Bottom line regarding the beauty of Christ: Without at least a growing awareness of the beauty and necessity of Christ’s life and death for us, we will never be able to make any further progress in understanding the good news of the gospel. Christ is the key, and without Him we are without hope. A desire to worship God the Father (for sending His Son), Christ (for His willingness to come and secure our salvation at such a cost to Himself), and a dependence on the Holy Spirit (for His transforming power) always go hand in hand with a growing recognition of the beauty and wonder of the gospel. Without a response of love for God and Christ and a desire to worship them, we haven’t progressed very far in understanding the gospel.
4. The Necessity of Grace:
The topic of grace seems strange to many and almost un-American. Grace suggests dependence upon another for their goodwill and generosity. But this is not where most people are. Some of a child’s first words are “me,” “myself,” and “I.” And many of us never get too far beyond this self-centered perspective on life. Traditionally our country has been founded on a spirit of independence and a feeling that we can and should “pull ourselves up by our own bootstraps.” Even our economic system of capitalism is built, in part at least, on the natural human desire to make their own way in life. The problem with this approach is that it is the direct opposite of the gospel message of dependence on God.

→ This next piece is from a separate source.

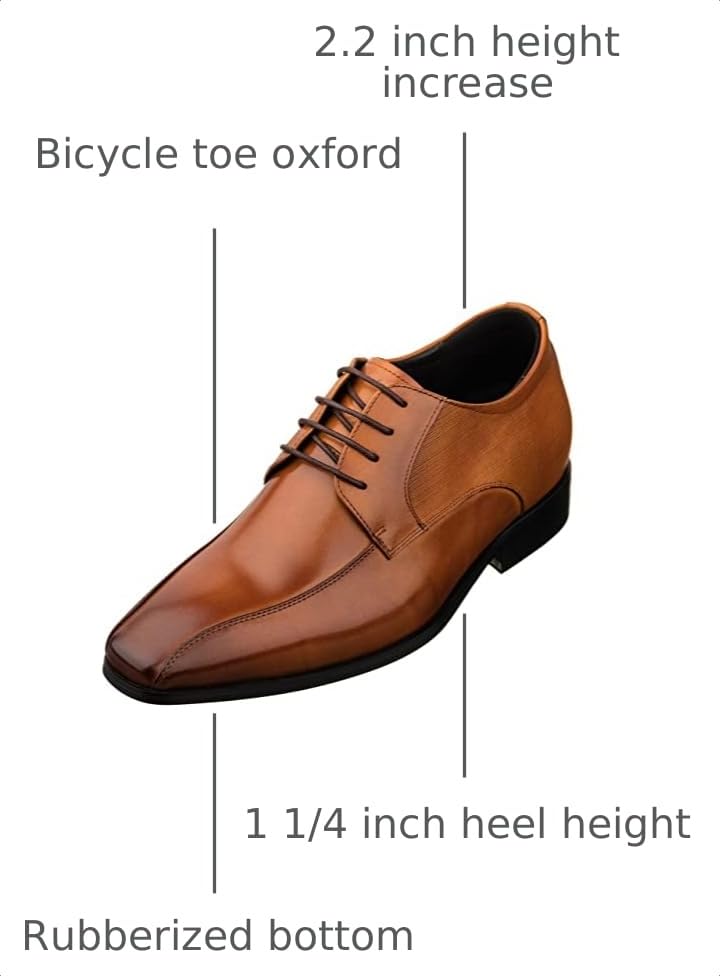 Image of TOTO Men's Invisible Height Increasing Elevator Shoes - Brown Leather Lace-up Formal Dress Oxfords- 2.2 Inches Taller - Y6364 - Size 7 D(M) US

God’s grace shows itself in many ways. Grace is sometimes defined as if it were an acronym: GRACE = God’s Riches at Christ’s expense. There is a certain helpfulness in this definition, especially in the sense that grace is a gift from God that flows out of Christ and all that He did for us. The concept of God’s grace also reminds us that everything we receive in the gospel is a gift from God and nothing we can ever earn or deserve through our own actions or human efforts.
Yet at the same time we also want to give proper attention to God in His Triuneness and the Trinitarian nature of the Gospel. The final benediction in 2 Corinthians is helpful here in reminding us of the work of the various members of the Trinity: “The grace of the Lord Jesus Christ and the love of God and the fellowship of the Holy Spirit be with you all” (2 Corinthians 13:14). Grace is particularly associated with Christ, love with God the Father, and fellowship (or connecting up in partnership) with the Holy Spirit. In other words, God the Father has a key role in planning our salvation out of His love for us, God the Son in accomplishing our salvation through His death on the cross, and the Holy Spirit in applying the benefits secured by Christ to us as human beings. The gospel is thus both always Trinitarian and at the same time Christ-centered.
Grace as the opposite of works:
The concept of grace is focused especially on how we become connected up with the blessings of Christ. Grace is most naturally contrasted with works. As human beings we inevitably fall into the mistaken assumption that we can somehow please God and thus merit His salvation through our own human efforts. Paul shows us the error of this faulty thinking in Ephesians 2:8-9, “For by grace you have been saved through faith. And this is not your own doing; it is the gift of God, not a result of works, so that no one may boast.” Paul also picks up this contrast of grace and works in Romans 11:6, “But if it is by grace, it is no longer on the basis of works; otherwise grace would no longer be grace.”
God knows that the futility of our own human efforts. The Old Testament Isaiah described how our best human deeds—or what we think of as “righteous deeds”—are really “like a polluted garment” before God (Isaiah 64:6—the King James Version expresses it as “filthy rags”). As far as God is concerned the reason why people are not saved by their “good deeds” is not that they don’t have enough good deeds stored up: the reason is that they don’t have any good deeds that meet His perfect standards.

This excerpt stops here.